* _Directions_
Which lines run from the line with "Toxicological review" through the line with "lachlor in the" in the entries below? Print them exactly, both ends included, and nothing more.

* _Data records_
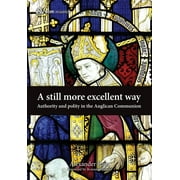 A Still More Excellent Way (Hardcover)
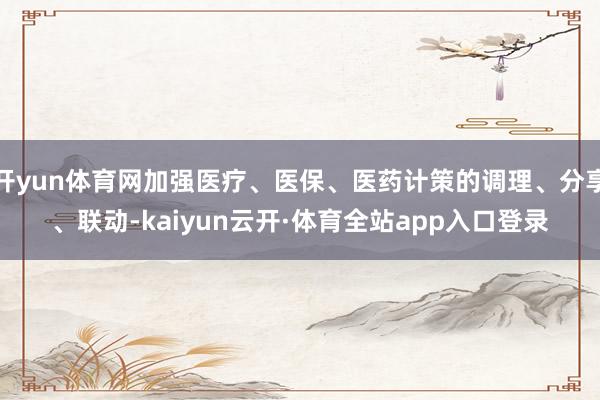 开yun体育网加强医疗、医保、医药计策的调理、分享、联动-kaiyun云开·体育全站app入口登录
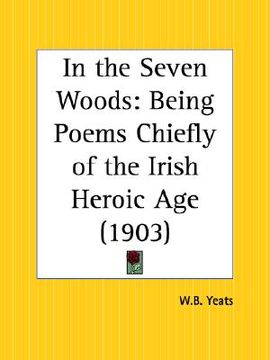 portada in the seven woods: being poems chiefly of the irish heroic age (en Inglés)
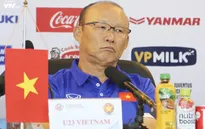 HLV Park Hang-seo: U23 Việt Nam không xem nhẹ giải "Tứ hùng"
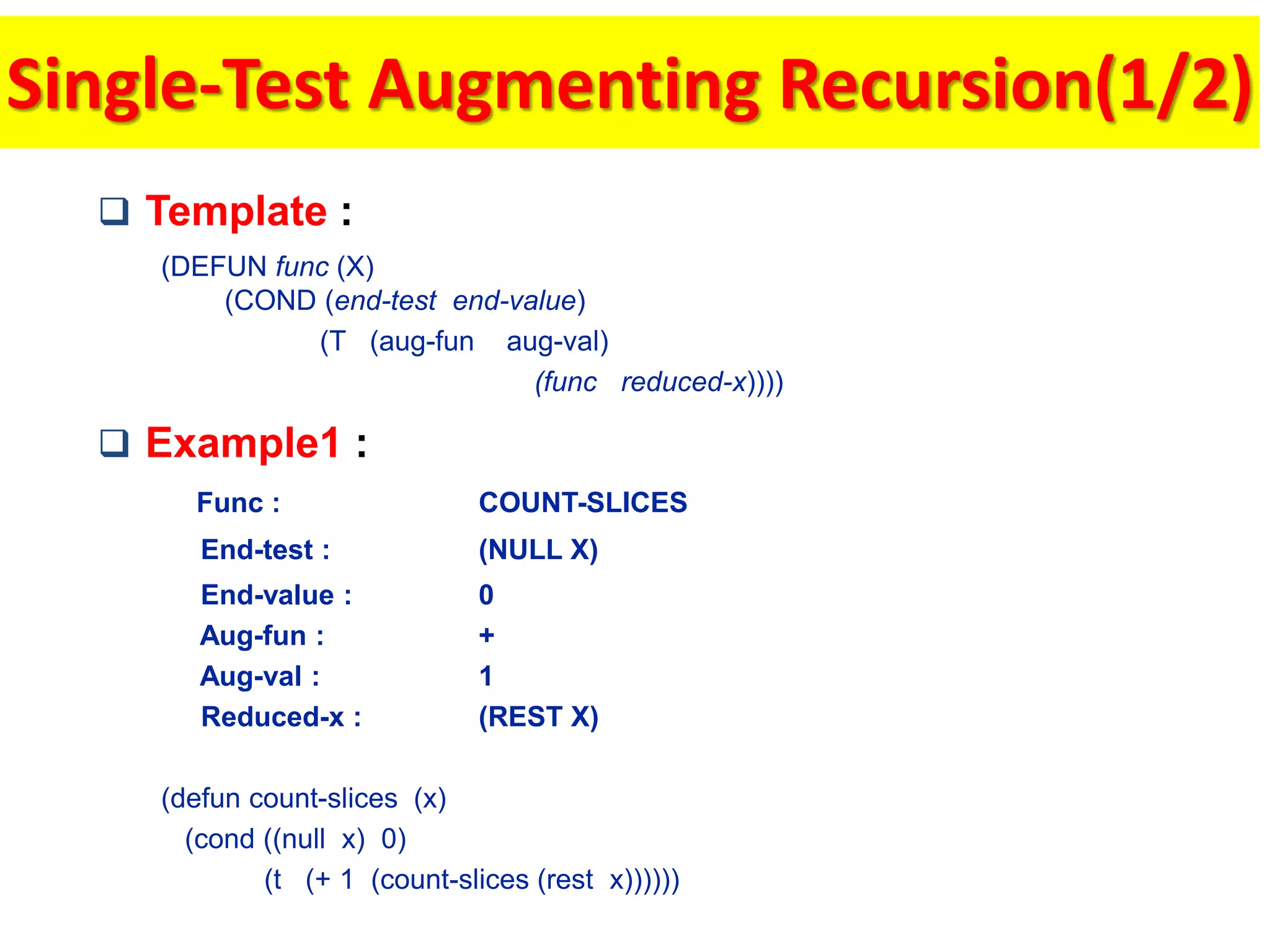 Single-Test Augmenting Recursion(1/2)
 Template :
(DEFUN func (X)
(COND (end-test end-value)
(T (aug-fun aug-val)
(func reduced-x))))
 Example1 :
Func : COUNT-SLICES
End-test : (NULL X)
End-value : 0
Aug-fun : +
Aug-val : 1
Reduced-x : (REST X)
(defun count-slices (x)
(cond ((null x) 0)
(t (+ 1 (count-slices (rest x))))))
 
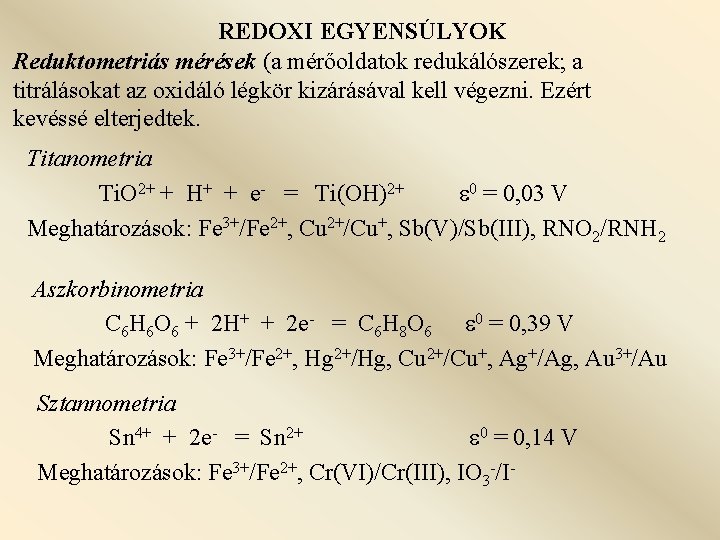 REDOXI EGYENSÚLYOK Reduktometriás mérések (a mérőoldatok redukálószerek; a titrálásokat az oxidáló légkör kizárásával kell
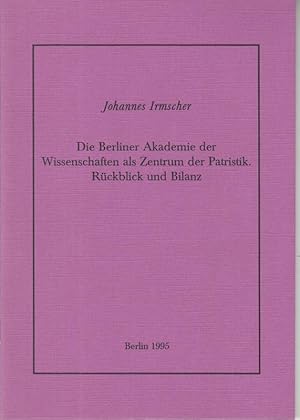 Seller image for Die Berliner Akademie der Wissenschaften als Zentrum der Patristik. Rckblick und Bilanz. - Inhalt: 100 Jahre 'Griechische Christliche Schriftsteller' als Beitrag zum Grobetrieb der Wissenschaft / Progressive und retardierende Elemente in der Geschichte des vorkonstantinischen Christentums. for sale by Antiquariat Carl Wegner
* * *
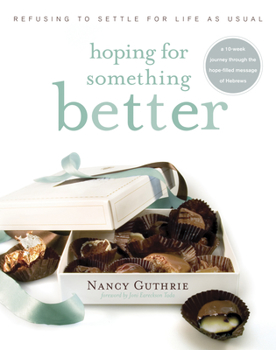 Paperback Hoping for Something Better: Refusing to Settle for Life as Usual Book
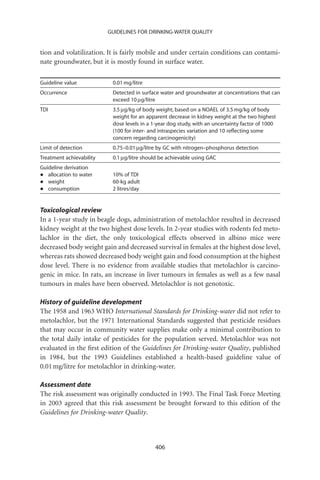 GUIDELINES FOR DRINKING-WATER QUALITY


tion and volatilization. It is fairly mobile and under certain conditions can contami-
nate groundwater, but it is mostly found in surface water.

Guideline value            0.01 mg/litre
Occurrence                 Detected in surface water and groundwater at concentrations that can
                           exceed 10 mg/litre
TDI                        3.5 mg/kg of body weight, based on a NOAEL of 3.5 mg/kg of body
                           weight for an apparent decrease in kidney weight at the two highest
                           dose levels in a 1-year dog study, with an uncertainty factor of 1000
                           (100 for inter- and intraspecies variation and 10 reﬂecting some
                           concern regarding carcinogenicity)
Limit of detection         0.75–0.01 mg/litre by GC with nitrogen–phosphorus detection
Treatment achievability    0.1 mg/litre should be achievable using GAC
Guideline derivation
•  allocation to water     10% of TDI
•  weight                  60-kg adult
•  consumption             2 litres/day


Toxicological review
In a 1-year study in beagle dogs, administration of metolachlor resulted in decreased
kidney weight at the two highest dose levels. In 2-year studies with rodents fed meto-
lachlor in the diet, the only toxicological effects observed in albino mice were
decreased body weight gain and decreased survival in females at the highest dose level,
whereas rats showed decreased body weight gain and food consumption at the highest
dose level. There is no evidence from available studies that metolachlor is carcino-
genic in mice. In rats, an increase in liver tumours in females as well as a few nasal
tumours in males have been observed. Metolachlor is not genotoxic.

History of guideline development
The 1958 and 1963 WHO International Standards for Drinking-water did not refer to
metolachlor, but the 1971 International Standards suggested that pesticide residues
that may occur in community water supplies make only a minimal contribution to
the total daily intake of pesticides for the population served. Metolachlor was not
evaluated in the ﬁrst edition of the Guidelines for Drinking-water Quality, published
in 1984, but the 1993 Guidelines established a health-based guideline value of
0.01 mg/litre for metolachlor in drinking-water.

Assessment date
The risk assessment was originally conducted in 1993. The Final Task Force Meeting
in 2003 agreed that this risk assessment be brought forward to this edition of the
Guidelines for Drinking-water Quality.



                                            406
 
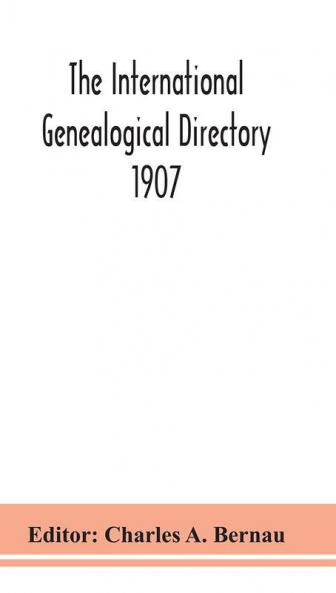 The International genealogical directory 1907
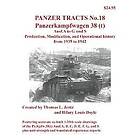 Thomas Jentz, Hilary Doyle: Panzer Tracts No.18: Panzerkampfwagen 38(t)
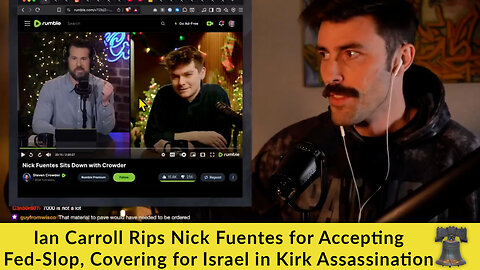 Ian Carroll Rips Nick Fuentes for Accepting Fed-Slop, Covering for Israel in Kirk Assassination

* _Result below_
Toxicological review
In a 1-year study in beagle dogs, administration of metolachlor resulted in decreased
kidney weight at the two highest dose levels. In 2-year studies with rodents fed meto-
lachlor in the diet, the only toxicological effects observed in albino mice were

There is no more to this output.